As an example, one set of the coordinates is (X: 150052.09 , Y: 4690.62). My interest is to convert these set of coordinates to UTM projection.
You can find details on the transformation from Cassini-Soldner to ARC1960 UTM in this article:
http://cae.uonbi.ac.ke/sites/default/files/cae/cae/Gordon%20Okumu%20Wayumba%20F80-81401-2009.pdf
In Table 4.8, a set of four reference points is given, with an equation to transform from Cassini to UTM:
E= b * n + a * e + ∆E
N= a * n - b * e + ∆N
Where a= Scos (θ), b= S sin(θ)
N and E are the local UTM coordinates
(n,e) are local Cassini coordinates
Computed values are given in Table 5.8:
Parameter Value Accuracy Units
S 1.0000169 ±0.000002 -
θ -0.000886 ±0.000002 rad
∆N 10000167.51 ±0.35 m
∆E 277419.49 ±0.35 m
I get a standard deviation of the four points of 10 meters with those values.

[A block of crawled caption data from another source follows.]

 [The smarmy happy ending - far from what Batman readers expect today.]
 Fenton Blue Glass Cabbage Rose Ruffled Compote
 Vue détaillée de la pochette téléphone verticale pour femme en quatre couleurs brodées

Alternatively, you may use:
E = d * n + f * e + ∆E
N = a * n - b * e + ∆N
with:
a 1.00023
b -0.00077
∆N 10000201.67
d -0.00086
f 1.00033
∆E 277420.75
Quality of the reference points is now within 2 meters.

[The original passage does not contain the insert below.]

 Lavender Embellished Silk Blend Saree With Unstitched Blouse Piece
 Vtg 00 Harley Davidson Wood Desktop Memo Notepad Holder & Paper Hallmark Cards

These transformations are valid for the Cassini Soldner projection centered on the 37° meridian, against UTM 37S based on ARC1960 datum (not WGS84!).
For the 39° meridian, transformation parameters are given in table 5.3:
PARAMETER VALUE
a 1.002248791
b 0.0007371372
∆N 10001507.607
∆E 500339.6901
Again, only valid for transformation to UTM zone 37S. Appendix 11 and 12 of the document have coordinates for both systems, and here the standard deviation is under 1 meter.